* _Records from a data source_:
=== Begin Enclosure ===

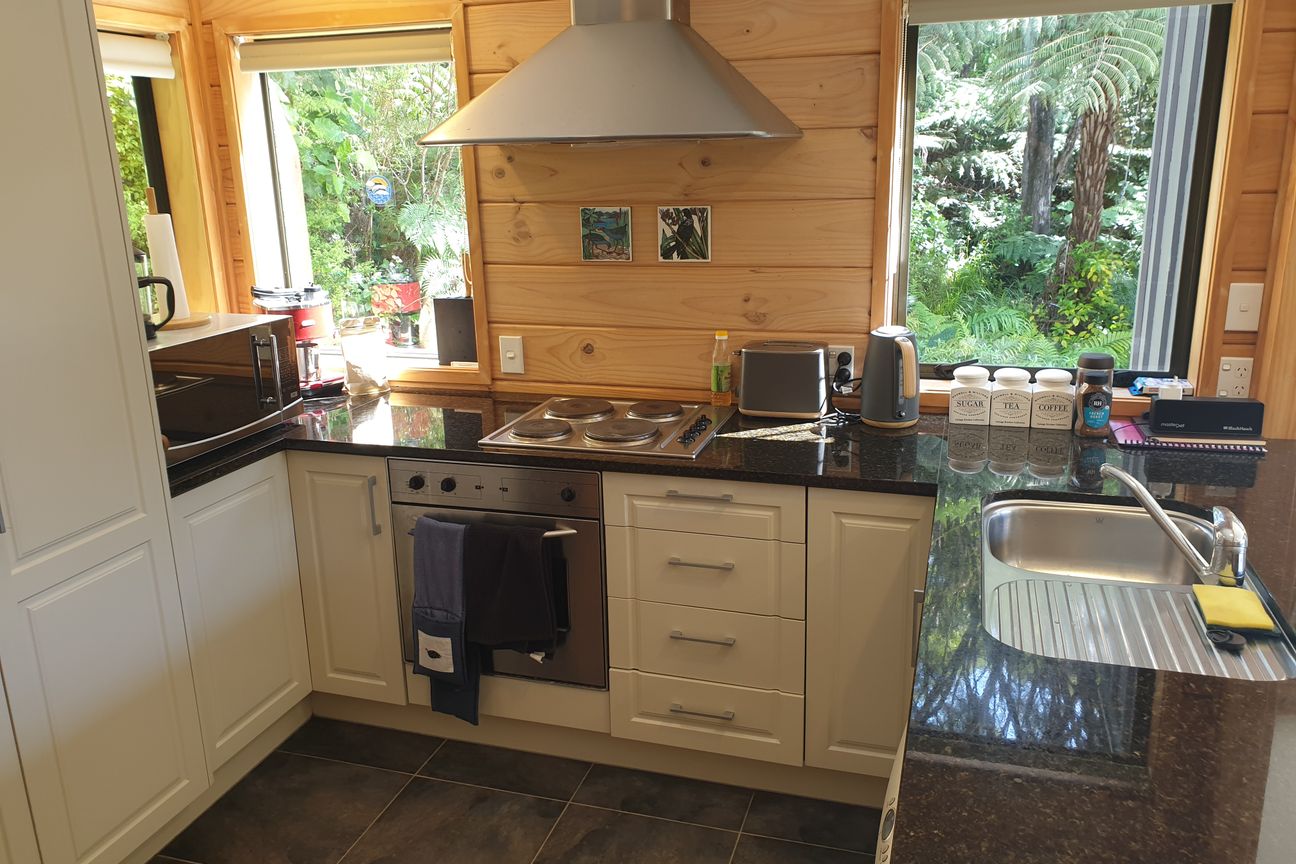 Tranquil Oasis. Three Double Bedrooms. - Bild 3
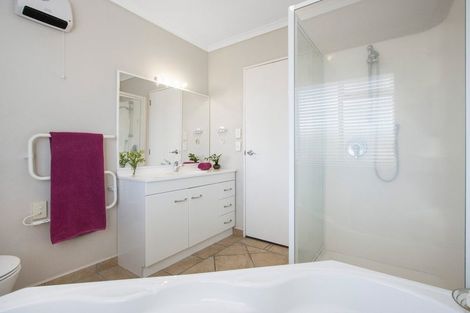 Photo of property in 63 Kayelene Place, Omokoroa, 3114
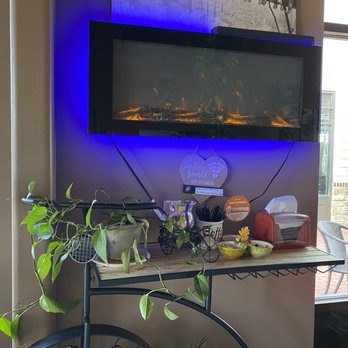 Mr Bean Coffee and Gelato - Fireplace on the screen - Coffee & Tea Near Me - Powell, Ohio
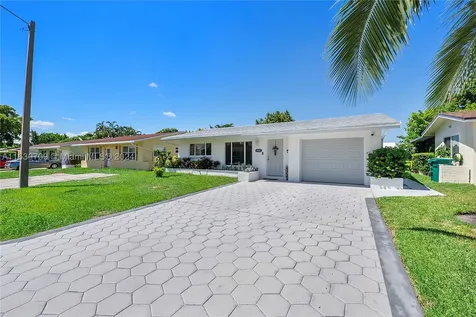 4905 NW 53rd Street Tamarac FL 33319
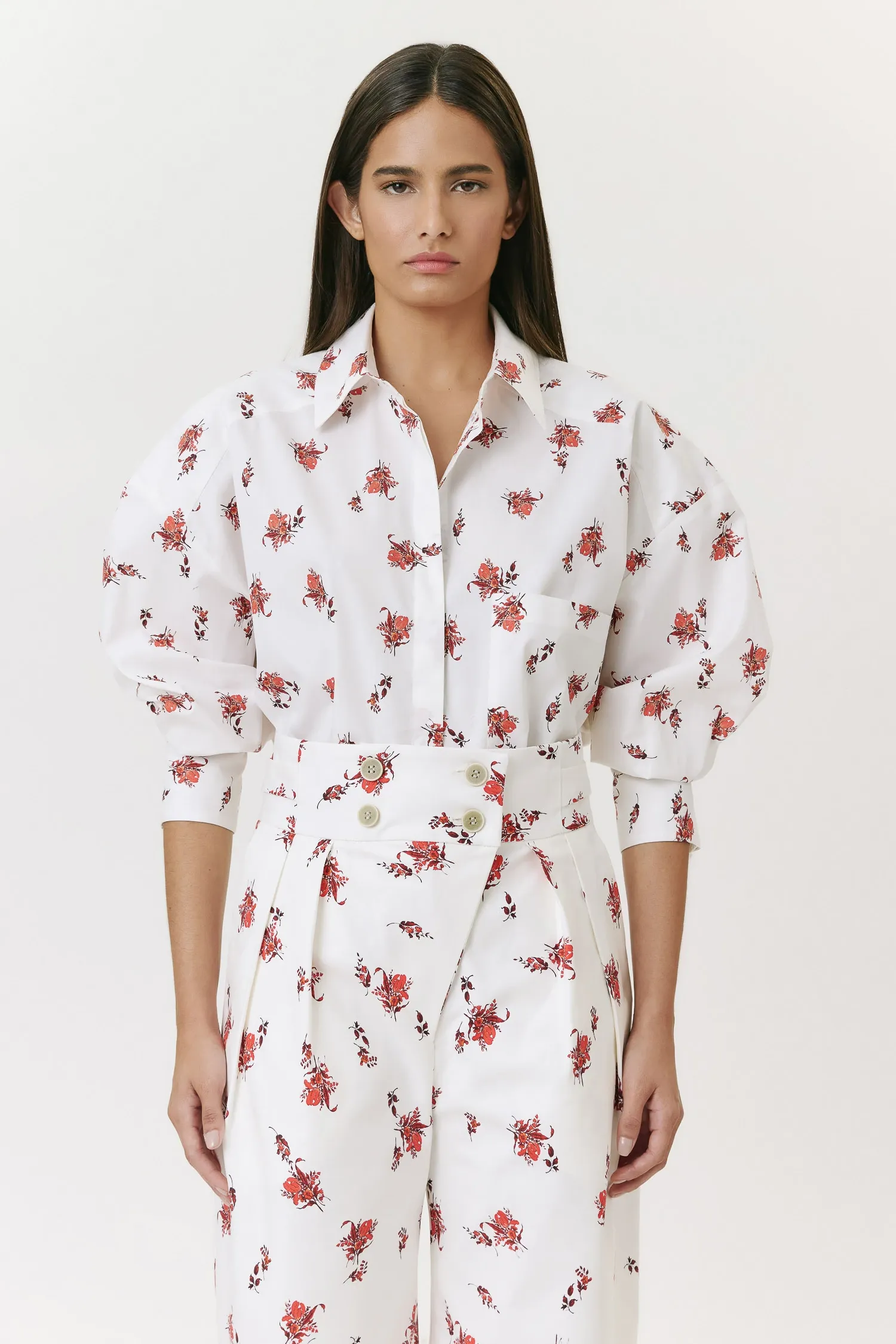 3-008144_CAMISA_BOX_BOLSO_TULIPA_OFFWHITE_ANDREAMARQUES--7-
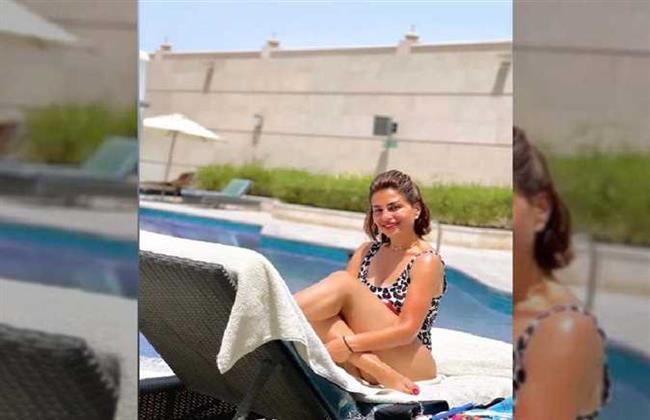بإطلالة زاهية...منة فضالي تبهر متابعيها
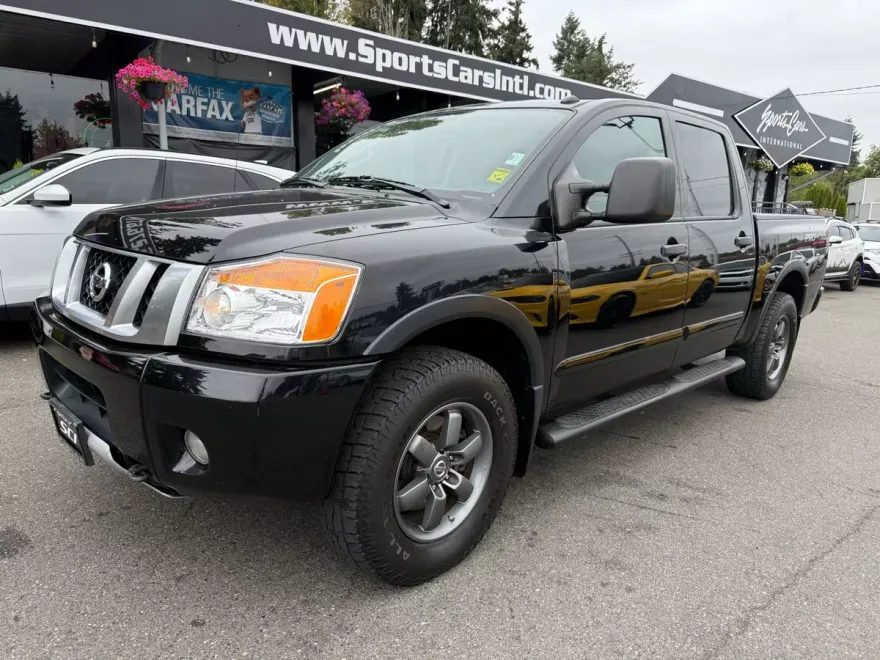2015 Nissan Titan SL PRO-4X photo 1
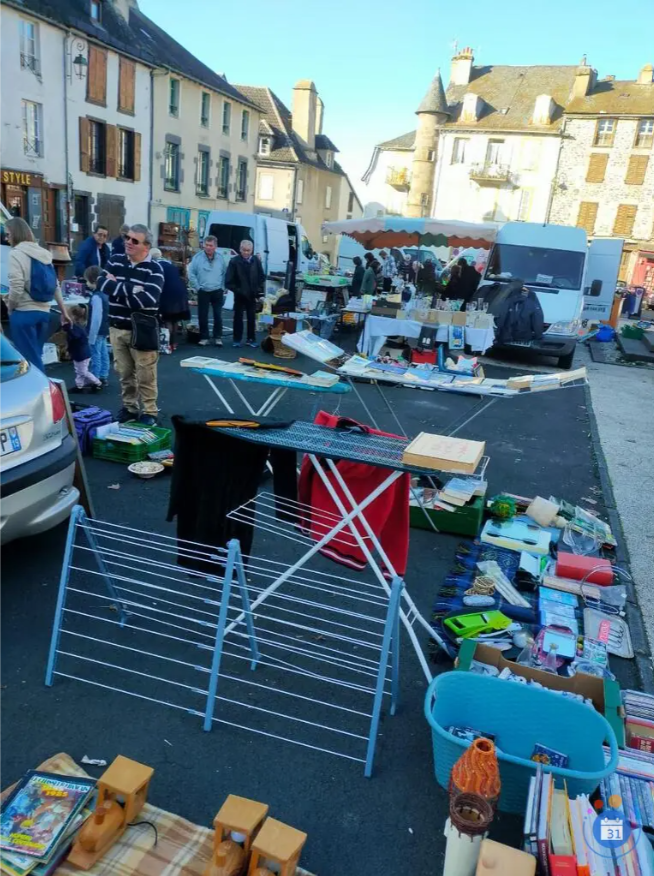 Marché aux puces de Mauriac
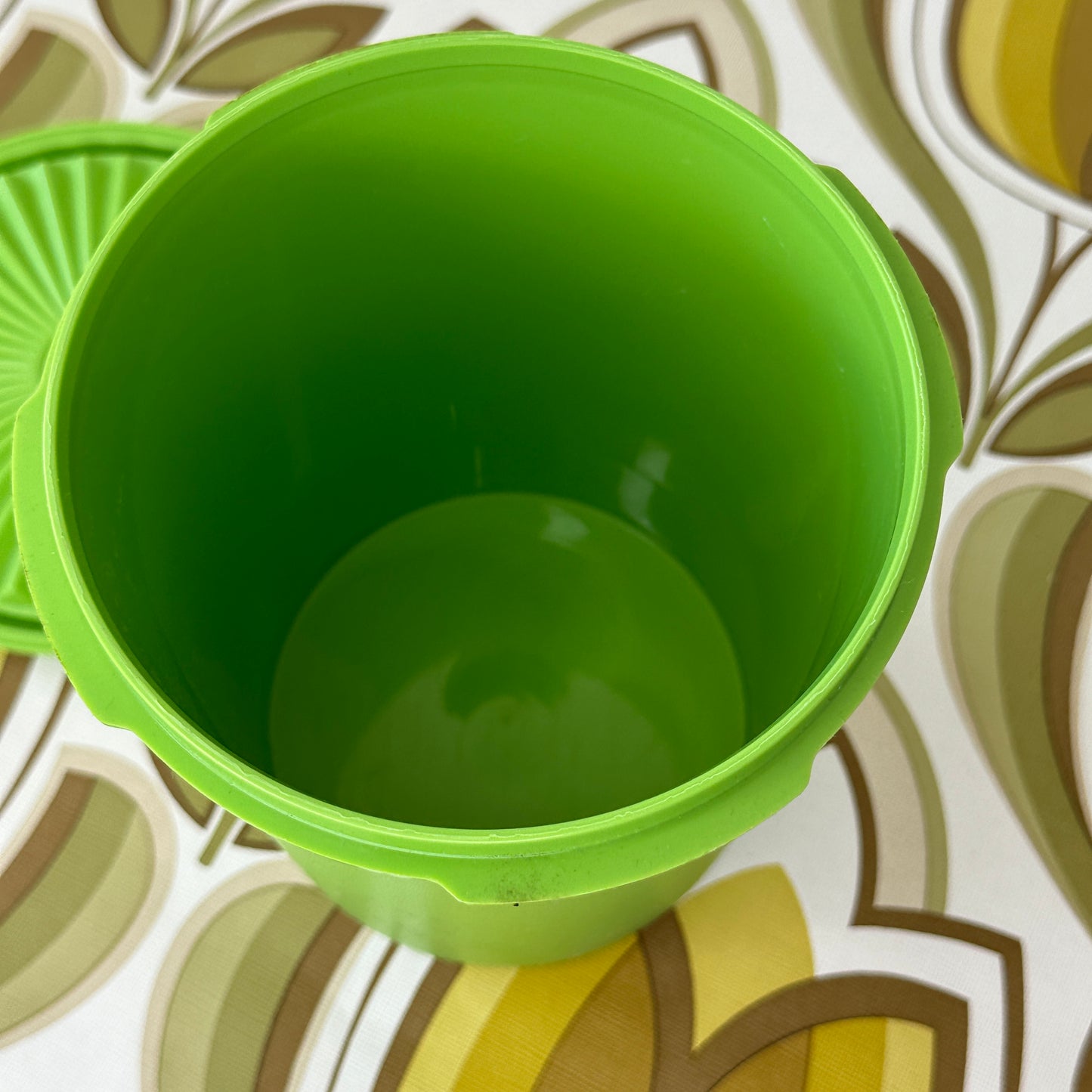 Awesome MEDIUM Green TUPPERWARE Container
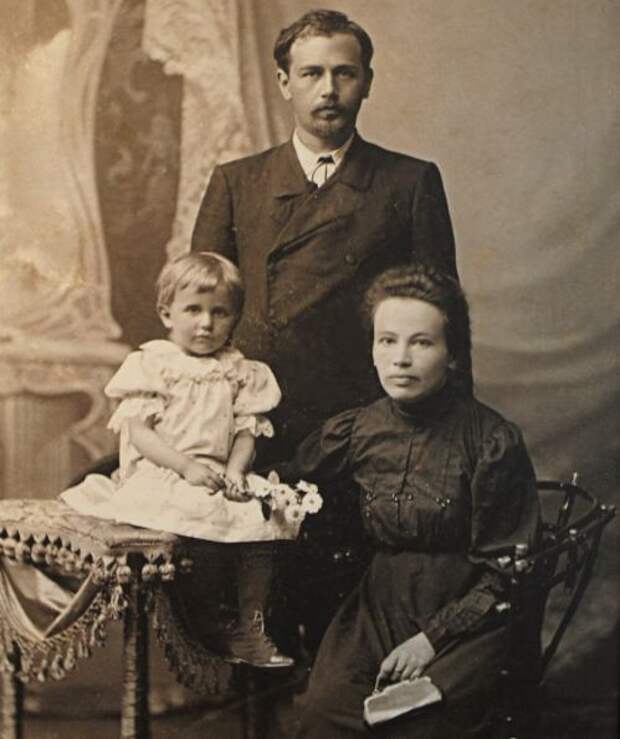 Николай Леонтович, автор «Щедрика», с женой и дочкой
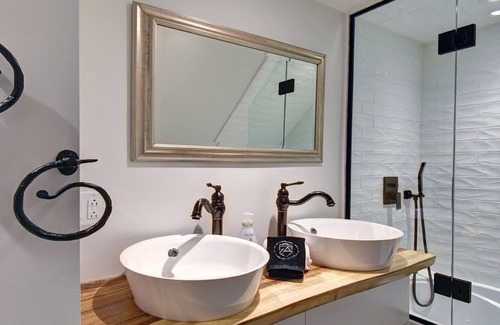 Lac Superieur Village Ski Chalet | Modern+Lux Chalet + Jacuzzi, 1 km to ski lift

=== End Enclosure ===

* _Assignment_: Lines before the one containing "2015 Nissan Titan SL PRO-4X photo 1" are not wanted; write out that line and every later line through the end of the data above, exactly, without pictures.

* _Completed task_:
2015 Nissan Titan SL PRO-4X photo 1
 Marché aux puces de Mauriac
 Awesome MEDIUM Green TUPPERWARE Container
 Николай Леонтович, автор «Щедрика», с женой и дочкой
 Lac Superieur Village Ski Chalet | Modern+Lux Chalet + Jacuzzi, 1 km to ski lift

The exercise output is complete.